Re: [PATCH v2 10/10] nvmet: Optionally use PCI P2P memory

Logan Gunthorpe <logang@xxxxxxxxxxxx> · Thu, 1 Mar 2018 16:29:19 -0700

On 01/03/18 04:20 PM, Jason Gunthorpe wrote:
On Thu, Mar 01, 2018 at 11:00:51PM +0000, Stephen  Bates wrote:

No, locality matters. If you have a bunch of NICs and bunch of drives
and the allocator chooses to put all P2P memory on a single drive your
performance will suck horribly even if all the traffic is offloaded.

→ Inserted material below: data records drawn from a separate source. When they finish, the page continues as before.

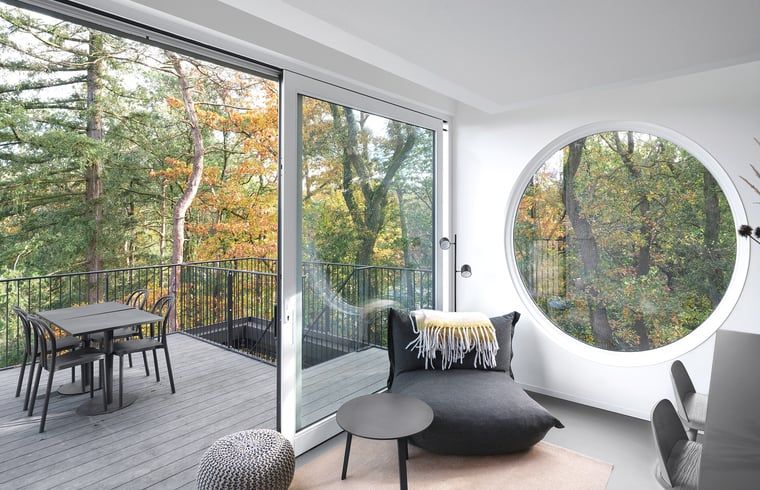 Helle Einrichtung des Ferienhauses in Arnheim mit Zugang zum Balkon und Blick auf die Natur.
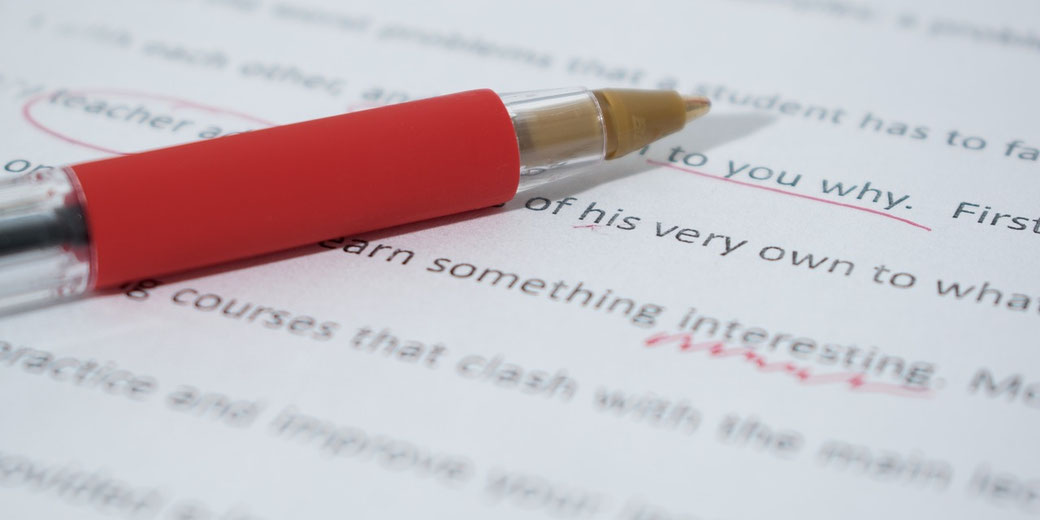 Red pen marking student essay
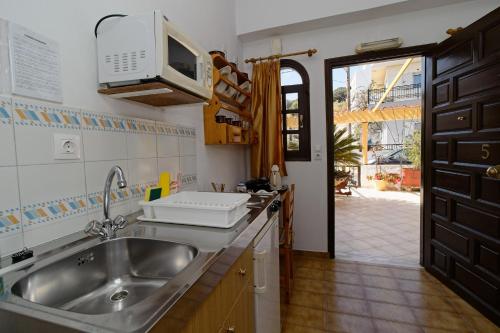 a kitchen with a sink and a microwave at Dolphins in Elounda
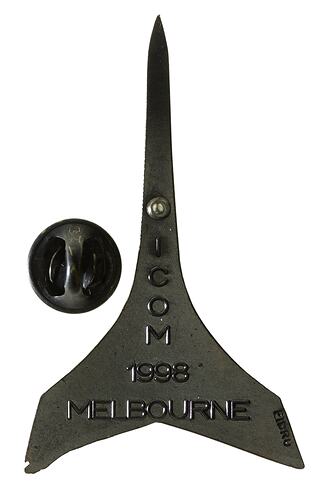 Back of arrow shaped medal, fine point at tip. Has maker's details and stick pin attachment.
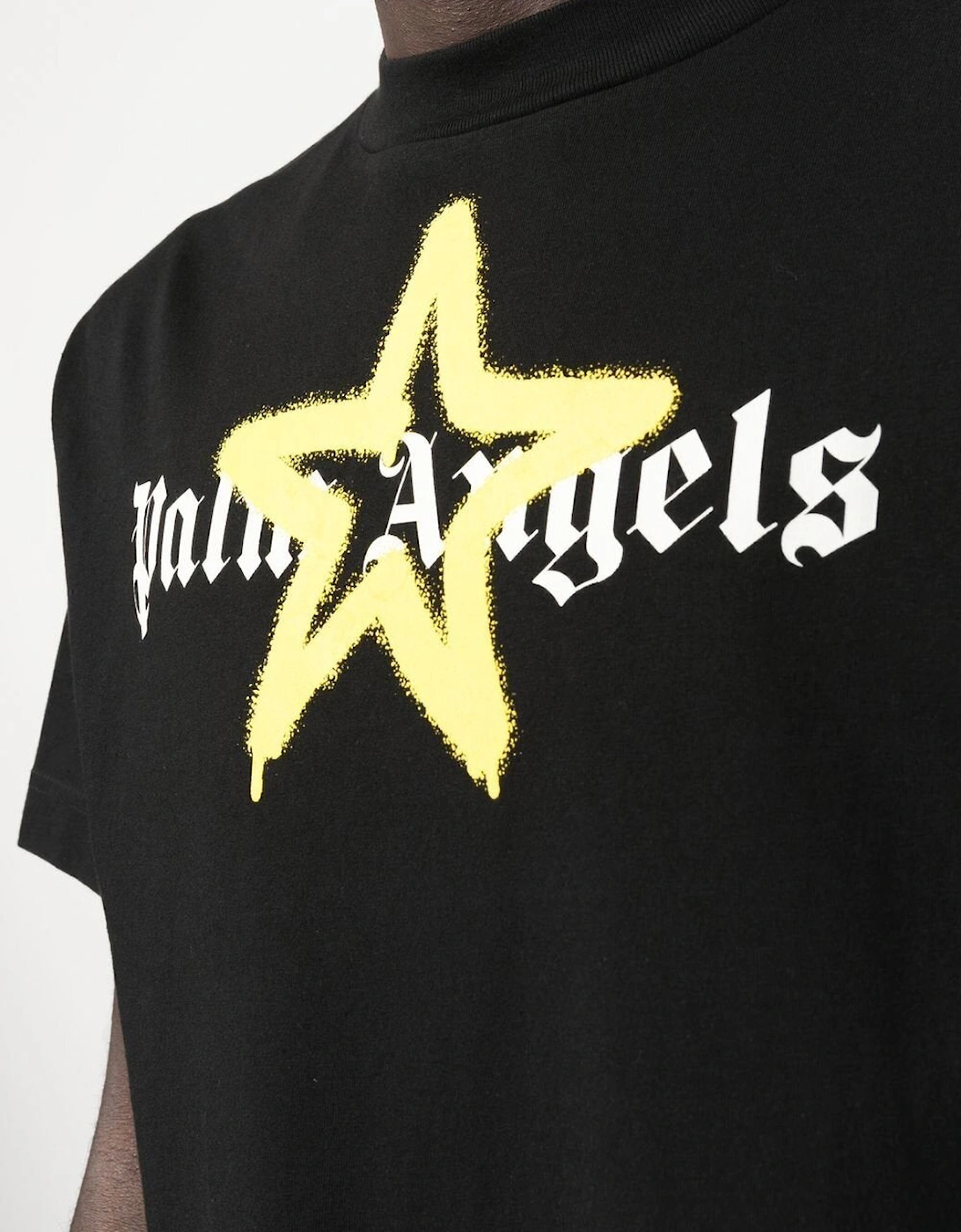 Yellow Star Sprayed logo-print T-shirt in Black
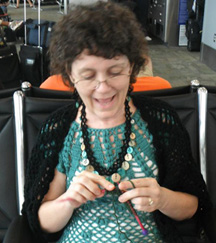 Here I am in the airport, excited about learning to knit!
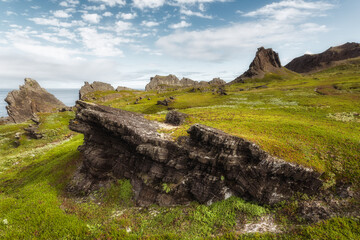 Fototapeta na wymiar The rocks of Cape Kekursky on the Rybachy peninsula. Russia, Murmansk region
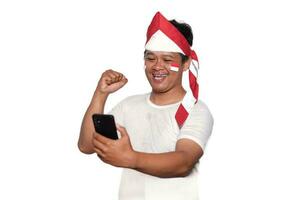 emocionado asiático hombre vistiendo blanco camiseta sonriente mientras participación su teléfono, aislado por blanco antecedentes. indonesio independencia día celebracion foto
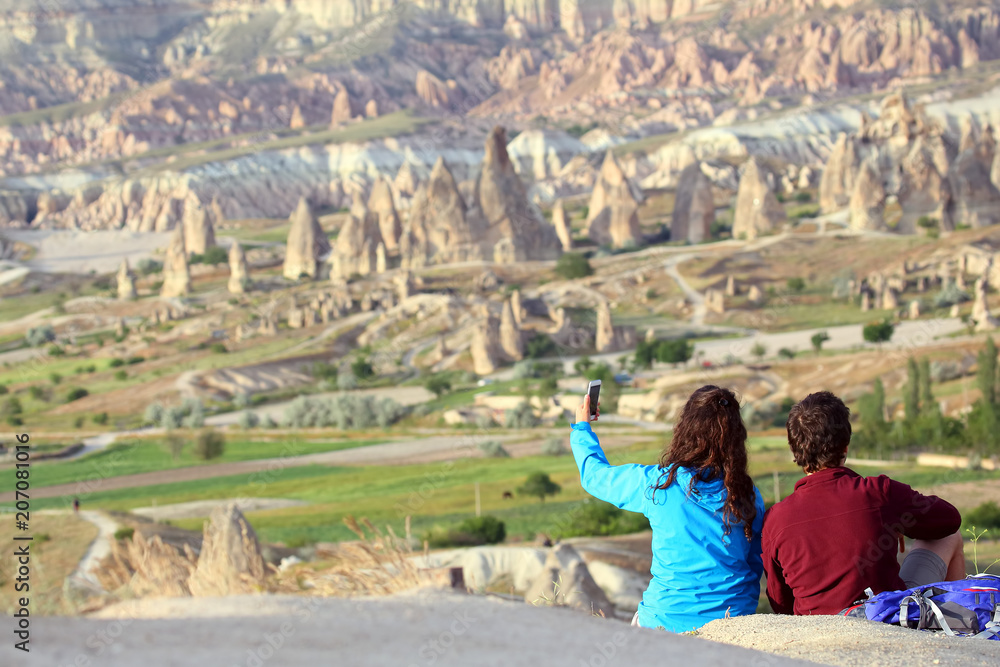 guy and a girl doing a selfie with hills of volcanic rock in the Cappadocia valley, Turkey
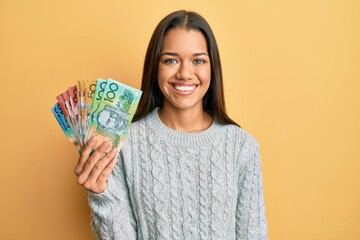 Beautiful hispanic woman holding australian dollars looking positive and happy standing and smiling with a confident smile showing teeth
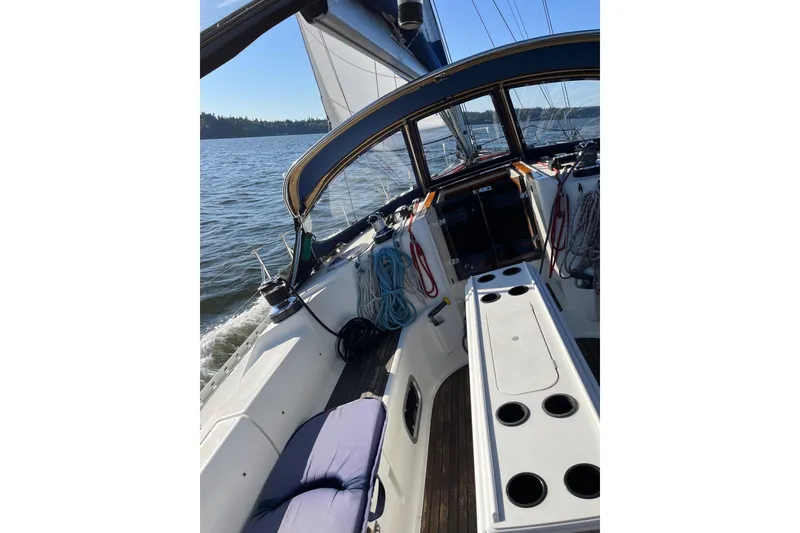 Slide: The Image of 2001 Jeanneau Sun Odyssey 45.2 sailboat cockpit with ropes and seating on a sunny day. - 38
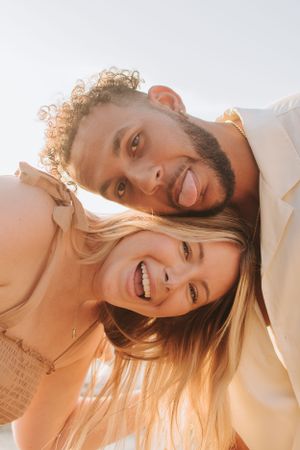 Close-up beach portrait of couple laughing in warm sunlight.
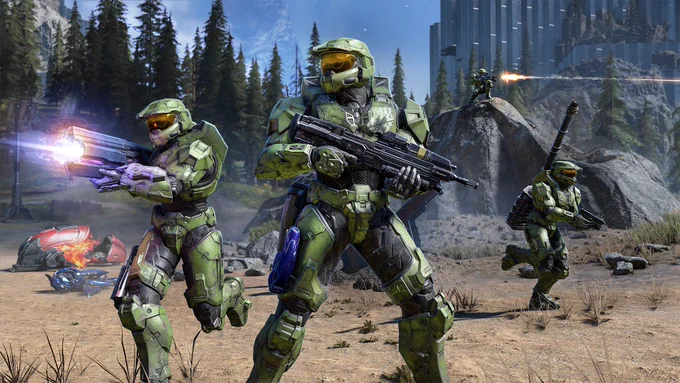 4 Master Chiefs battling it out on Zeta Halo during network co-op.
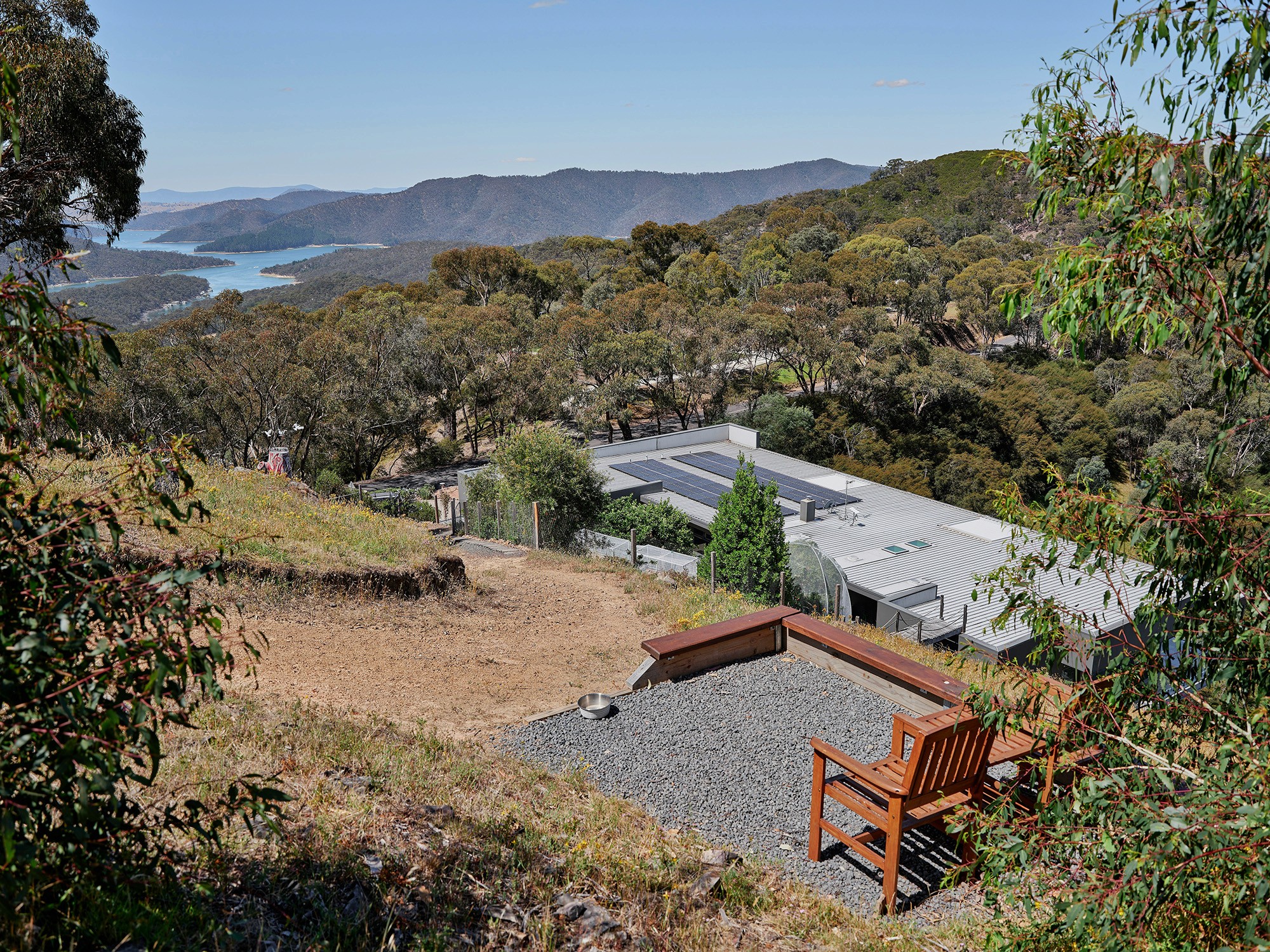 Wooden bench overlooking forested hills and a lake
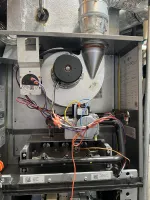 Residential Heating and Furnace Repair in Atlanta Decatur 30033 by The Air Company of GA.  Interior view of a gas furnace showing blower motor, wires, burners, and ventilation duct connections.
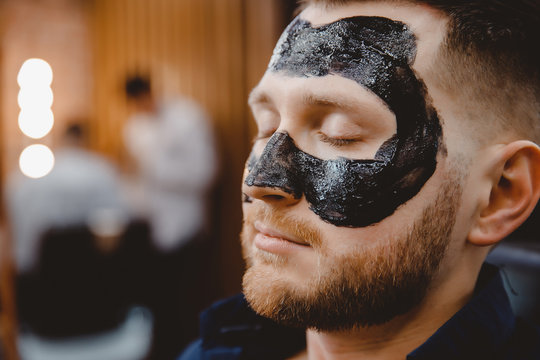 A barber giving a shave with a straight razor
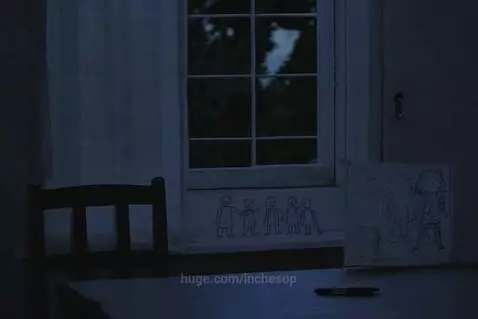 A child looks out a window at dusk, with drawings of a family on a table, one figure faded.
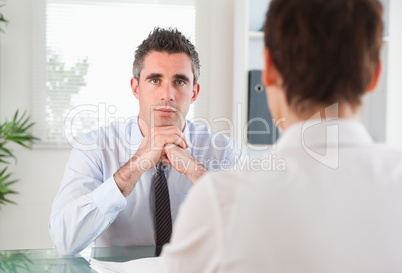 Handsome manager interviewing an applicant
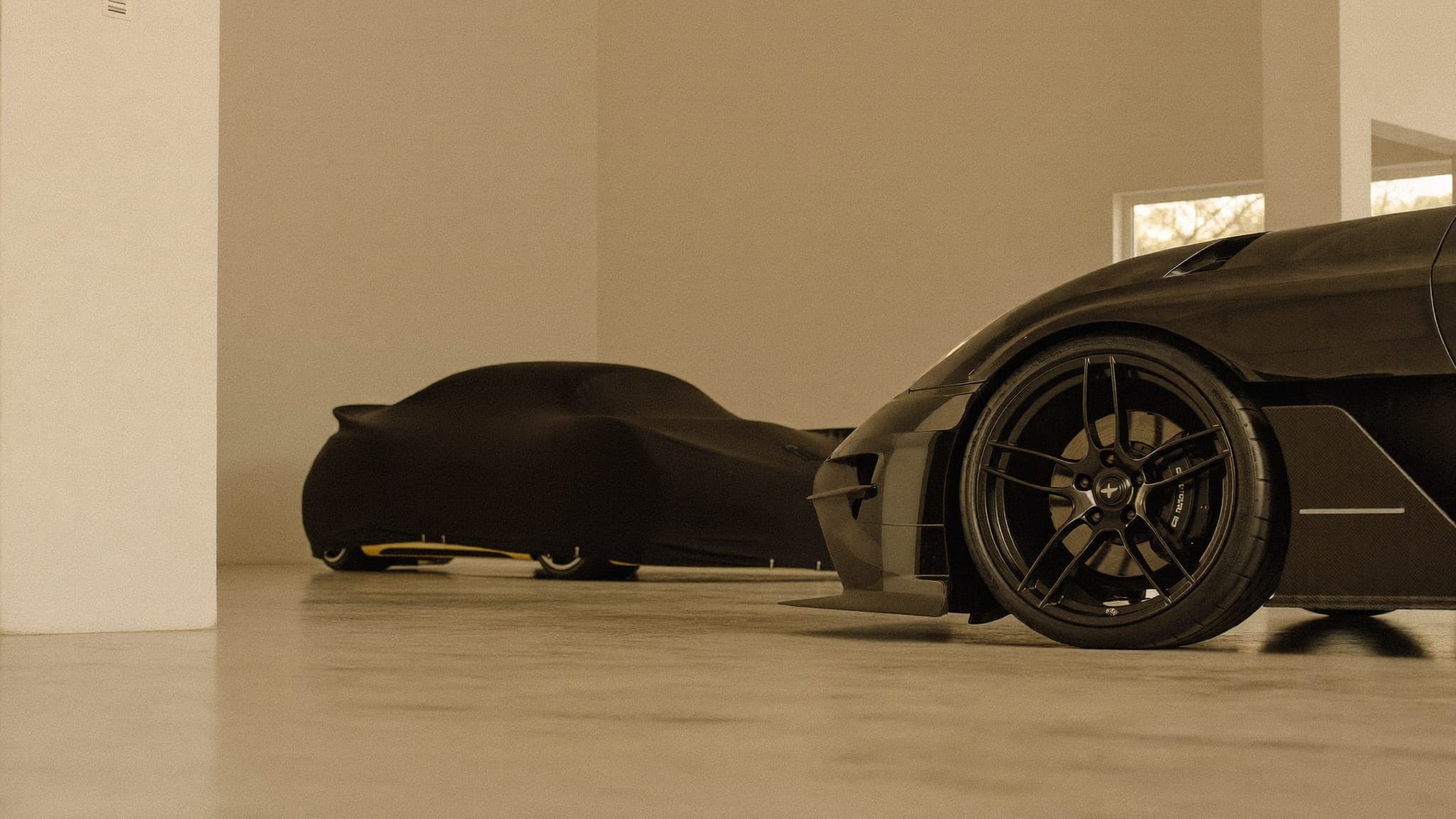 Showroom-finish storage environment at Vault 620 with a covered sports car and detailed alloy wheel in warm daylight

Performance will suck if you have speed differences between the PCI-E
devices. Eg a bunch of Gen 3 x8 NVMe cards paired with a Gen 4 x16 NIC
will not reach full performance unless the p2p buffers are properly
balanced between all cards.

This would be solved better by choosing the closest devices in the 
hierarchy in the p2pmem_find function (ie. preferring devices involved 
in the transaction). Also, based on the current code, it's a bit of a 
moot point seeing it requires all devices to be on the same switch. So 
unless you have a giant switch hidden somewhere you're not going to get 
too many NIC/NVME pairs.

In any case, we are looking at changing both those things so distance in 
the topology is preferred and the ability to span multiple switches is 
allowed. We're also discussing changing it to "user picks" which 
simplifies all of this.

Logan